Portugal’s former prime minister Jose Socrates answered questions before a judge for some three hours Monday after his shock arrest last week in connection with a tax fraud probe, his lawyer said.
Socrates, 57, first went before a judge Saturday in the tax fraud, corruption and money laundering investigation. He has been detained since his arrest on Friday at Lisbon airport after arriving on a flight from Paris.
His attorney, Joao Araujo, had said Socrates would “of course” answer questions from examining magistrate Carlos Alexandre on money transfers and banking operations that have fallen under suspicion.
Socrates must await a decision from the judge in Lisbon over whether he will continue to be held.
The centre-right government has remained discreet about the case. Prime Minister Pedro Passos Coelho said Sunday it “pertains to the law and not politics,” adding “Portugal has strong institutions that work.”
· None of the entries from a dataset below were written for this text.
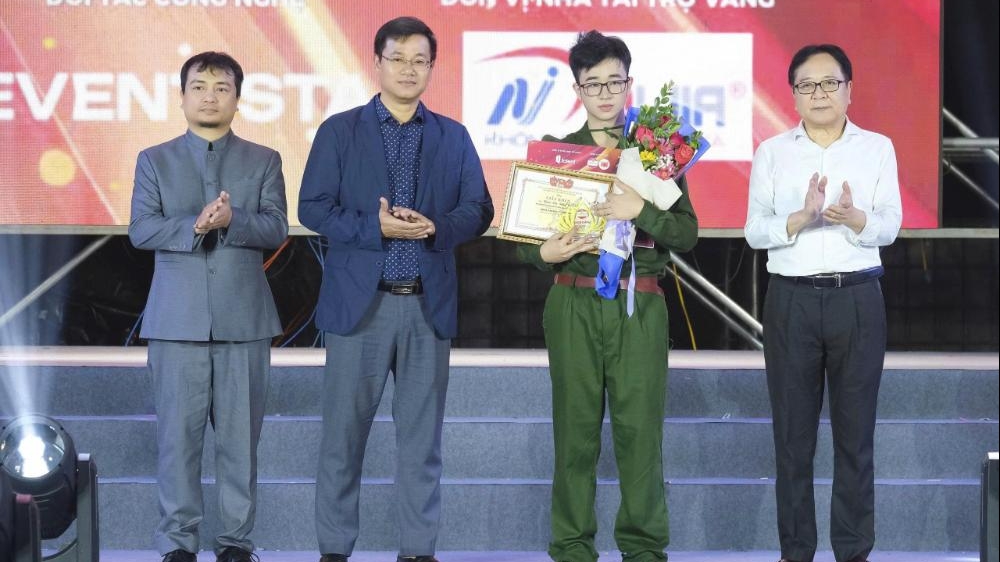 Kiều Vũ Nhật Anh giành danh hiệu Nam ca sĩ được yêu thích nhất tại Búp Sen Vàng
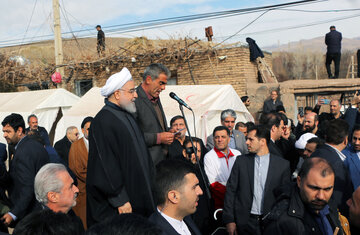 بازدید رییس جمهور از روستای دستجرد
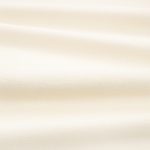 Tessuto Linara di Romo nella colorazione Gardenia drappeggiato, per mostrarne la caduta e la finitura spazzolata.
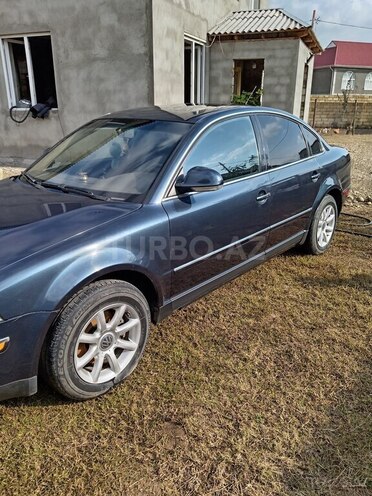 Volkswagen Passat 2004, 360,000 km - 1.8 l - Lənkəran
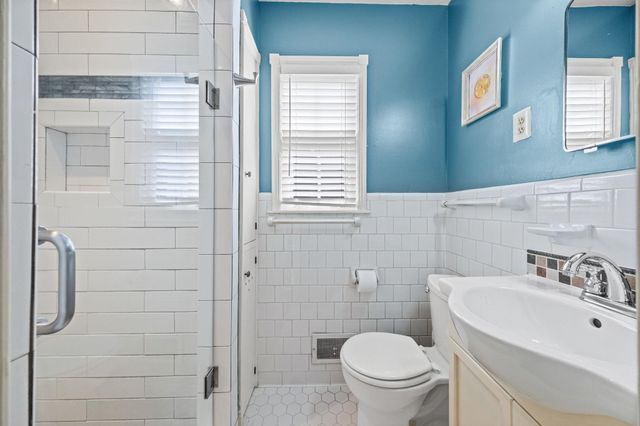 446 ROSSER RD, Memphis, TN 38120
But Socrates’ arrest was the latest bombshell in Portuguese politics, coming hard on the heels of another scandal that cost Interior Minister Miguel Macedo his job.
A series of searches have been carried out at businesses and Socrates’ residence in Lisbon.
According to Portuguese media reports, Portuguese state-owned bank Caixa Geral de Depositos raised the alarm.
Investigators have been looking into transfers involving the former Socialist leader’s account in comparison with earnings he has reported to tax authorities.
Particular attention is said to have been given to an apartment in Paris estimated at nearly three million euros ($3.7 million). Socrates lived there in 2012 while studying philosophy in the French capital.
Socrates was prime minister between 2005 and 2011, with his tenure particularly marked by the financial crisis that badly hit the country.